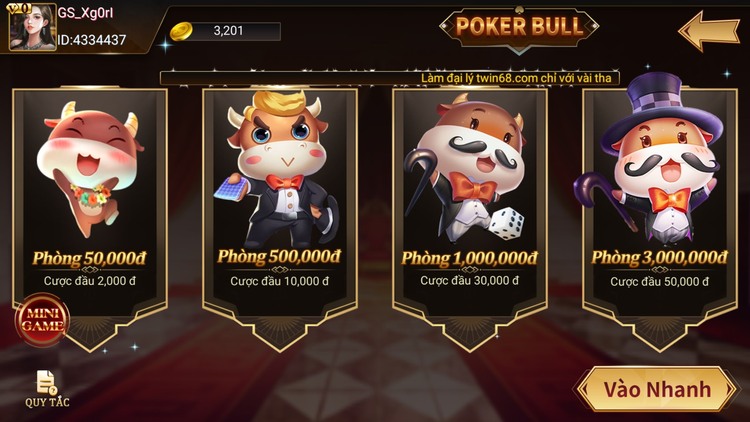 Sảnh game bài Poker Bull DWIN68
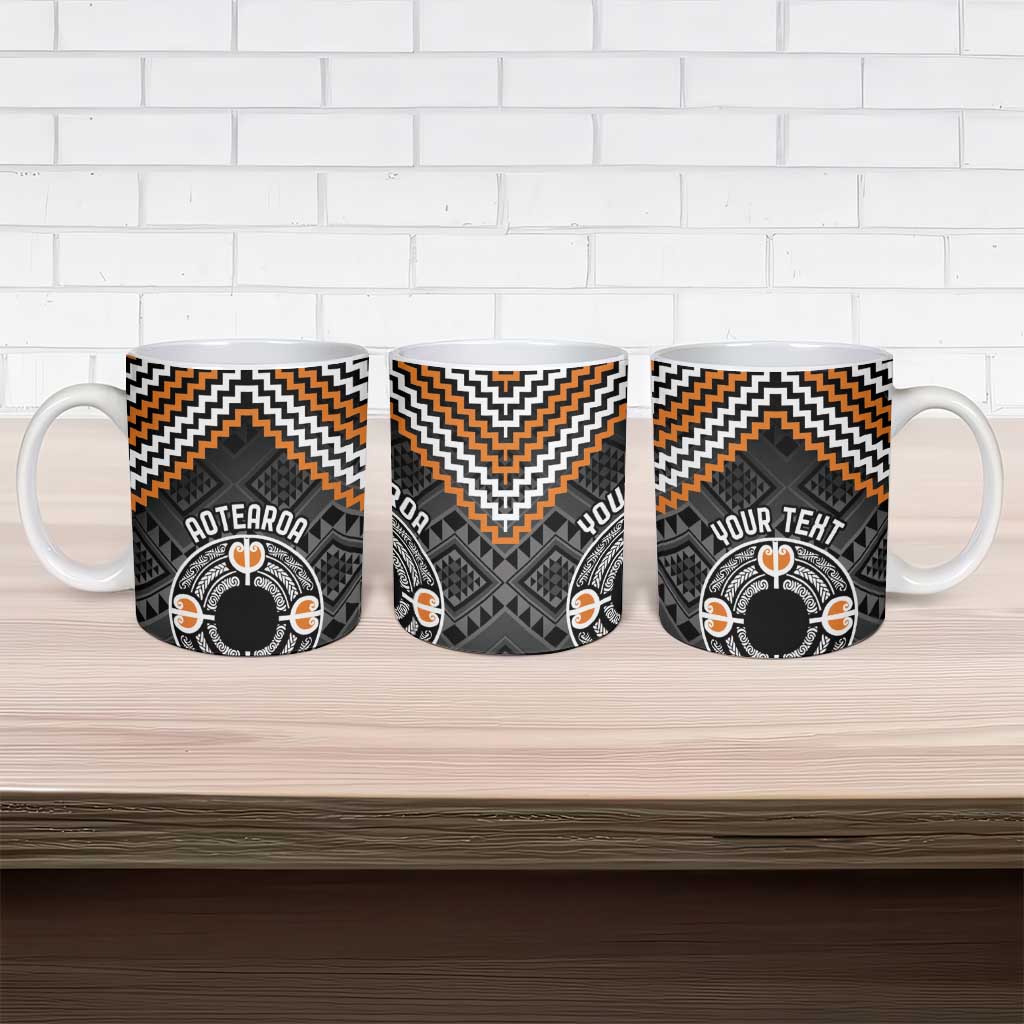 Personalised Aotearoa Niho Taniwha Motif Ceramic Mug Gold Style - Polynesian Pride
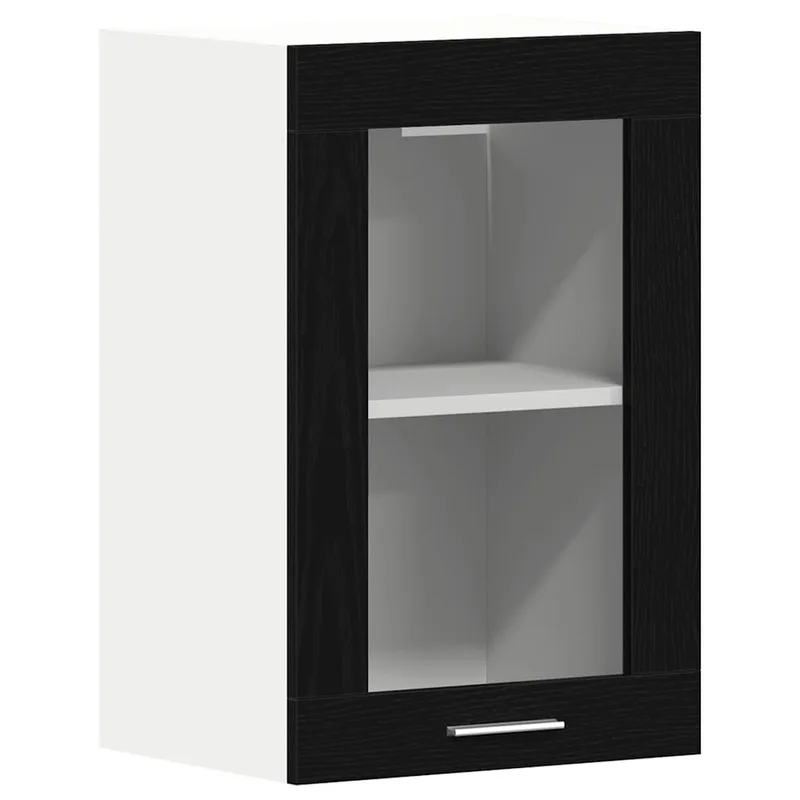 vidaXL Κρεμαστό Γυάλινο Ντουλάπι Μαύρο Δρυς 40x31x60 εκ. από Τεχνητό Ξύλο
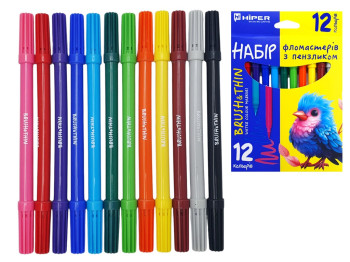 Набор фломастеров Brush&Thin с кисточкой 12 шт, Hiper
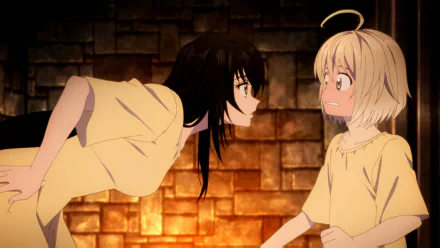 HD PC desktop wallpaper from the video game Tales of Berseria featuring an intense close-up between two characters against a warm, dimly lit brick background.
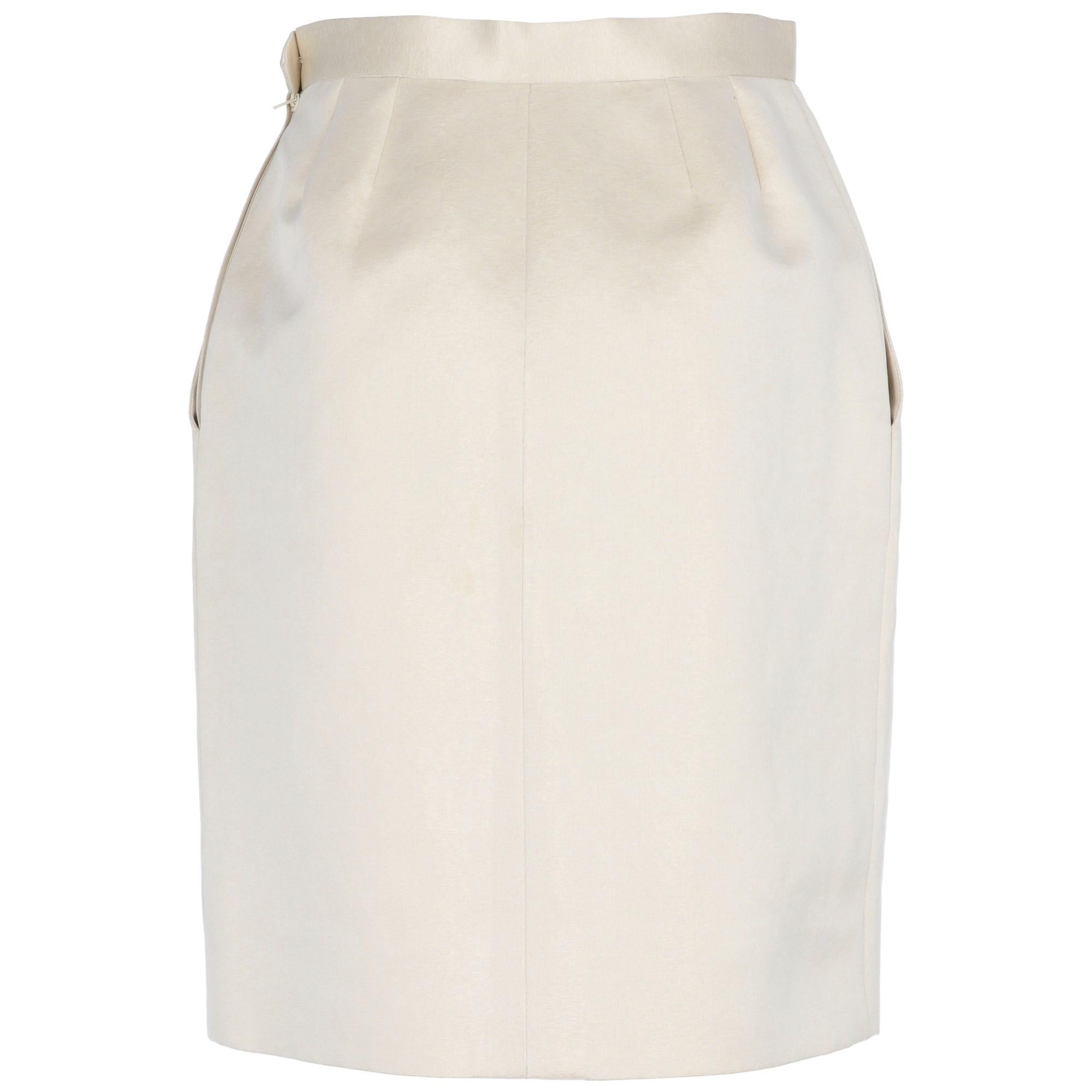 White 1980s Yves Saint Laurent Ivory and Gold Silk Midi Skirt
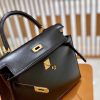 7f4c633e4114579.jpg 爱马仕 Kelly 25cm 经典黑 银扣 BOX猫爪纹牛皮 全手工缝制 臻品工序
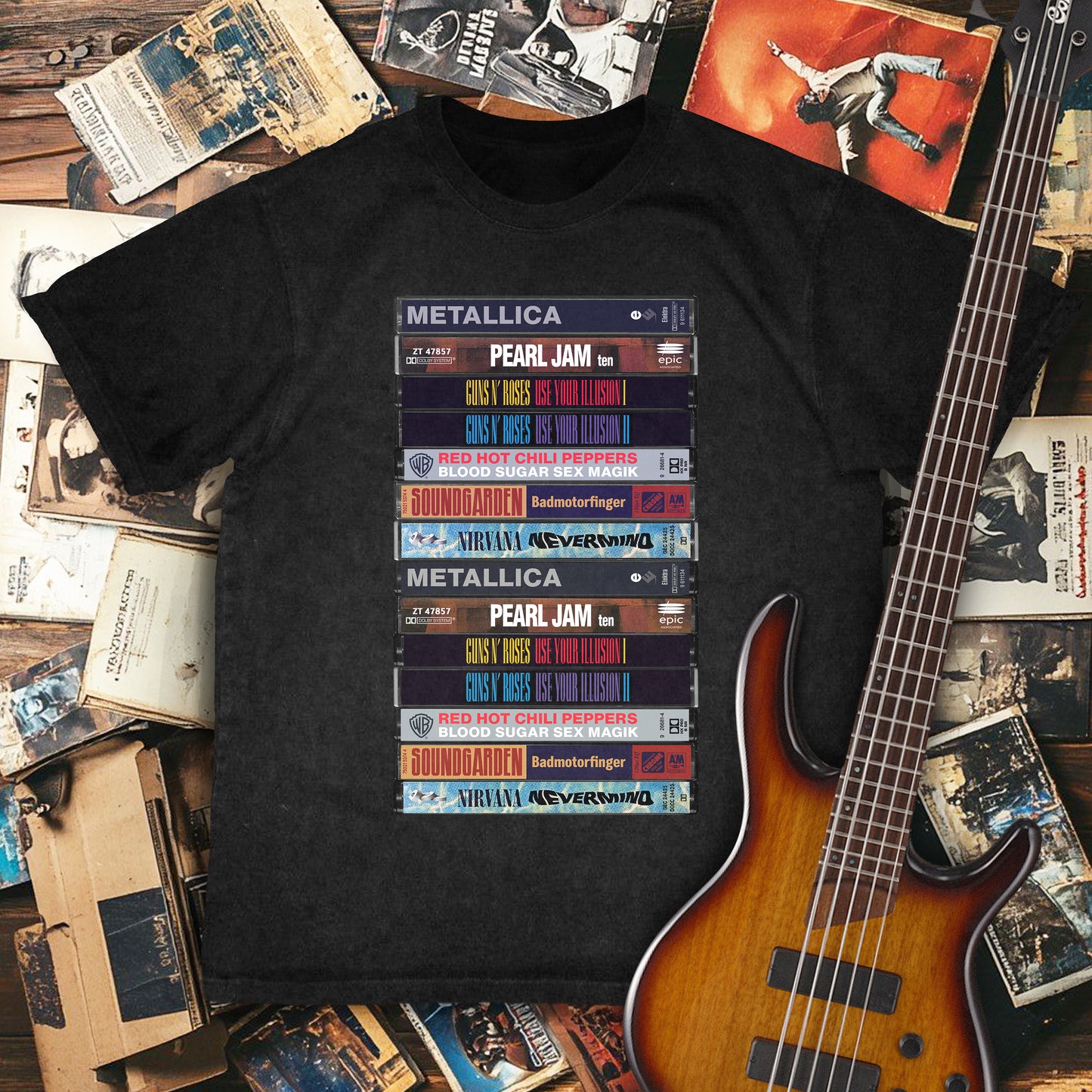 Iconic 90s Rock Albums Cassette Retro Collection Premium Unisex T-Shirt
════
Could you return each line, unchanged, from the line containing "HD PC desktop" through the last line of the entries above, leaving out the pictures?

### EXERCISE ANSWER
 HD PC desktop wallpaper from the video game Tales of Berseria featuring an intense close-up between two characters against a warm, dimly lit brick background.
 White 1980s Yves Saint Laurent Ivory and Gold Silk Midi Skirt
 7f4c633e4114579.jpg 爱马仕 Kelly 25cm 经典黑 银扣 BOX猫爪纹牛皮 全手工缝制 臻品工序
 Iconic 90s Rock Albums Cassette Retro Collection Premium Unisex T-Shirt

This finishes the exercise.